With all this not ill-founded complaint of these our active companions,
my constant wonder is, that the grapes hang untouched this 20th of
September, in vast heavy clusters covered with bloom; and unmolested by
insects, which, with a quarter of this heat in England, are encouraged
to destroy all our fruit in spite of the gardener's diligence to blow up
nests, cover the walls with netting, and hang them about with bottles of
syrup, to court the creatures in, who otherwise so damage every fig and
grape and plum of ours, that nothing but the skins are left remaining
_by now.
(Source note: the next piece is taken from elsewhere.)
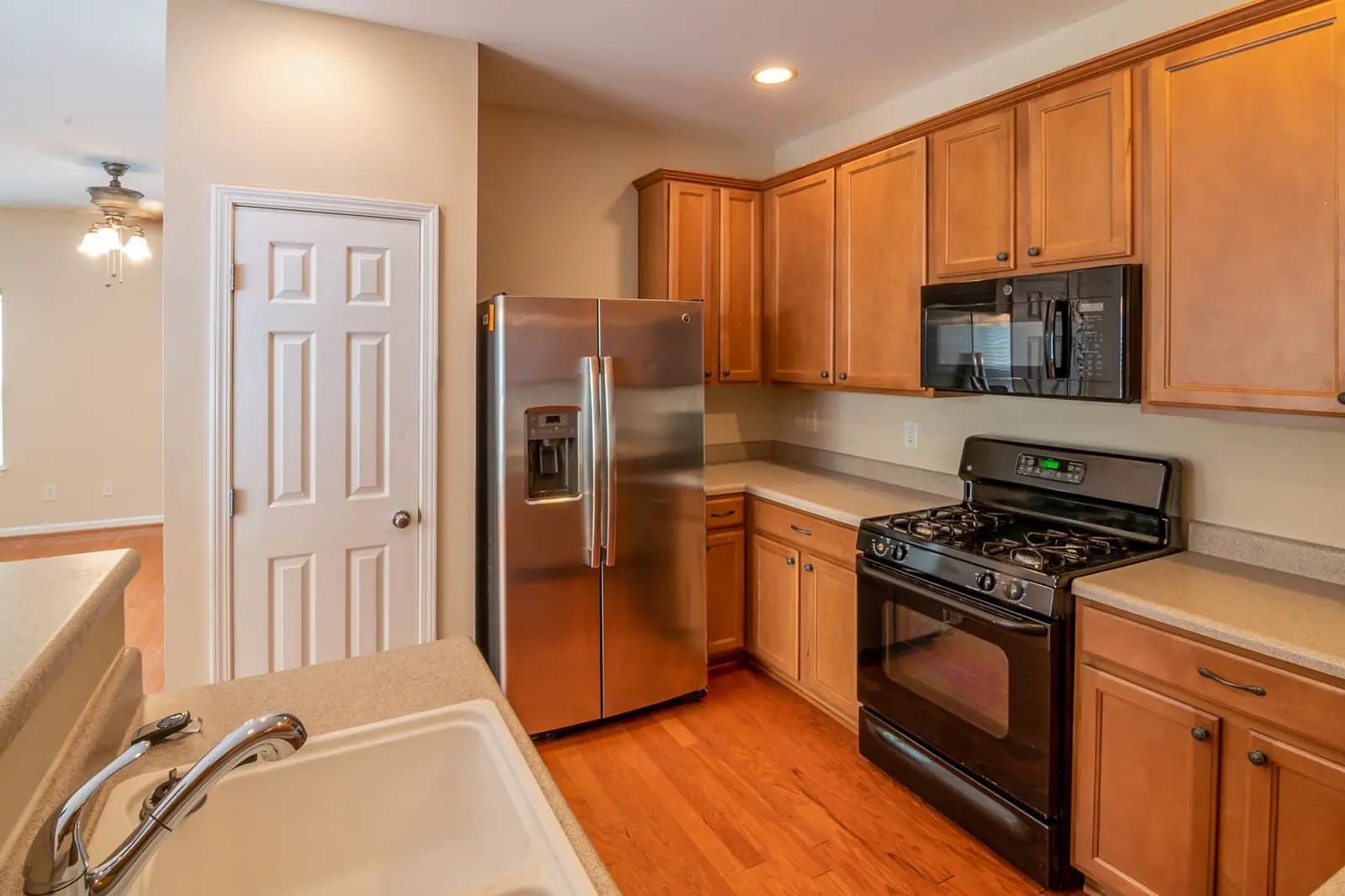 Kitchen with wood cabinets, a stainless side-by-side refrigerator, and a black gas range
Here_ no such contrivances are either wanted or thought on;
and while our islanders are sedulously bent to guard, and studious to
invent new devices to protect their half dozen peaches from their half
dozen wasps, the standard trees of Italy are loaded with high-flavoured
and delicious fruits.
Here figs sky-dy'd a purple hue disclose,
Green looks the olive, the pomegranate glows;
Here dangling pears exalted scents unfold,
And yellow apples ripen into gold.
The roadside is indeed hedged with festoons of vines, crawling from
olive to olive, which they plant in the ditches of Tuscany as we do
willows in Britain: mulberry trees too by the thousand, and some
pollarded poplars serve for support to the glorious grapes that will now
soon be gathered.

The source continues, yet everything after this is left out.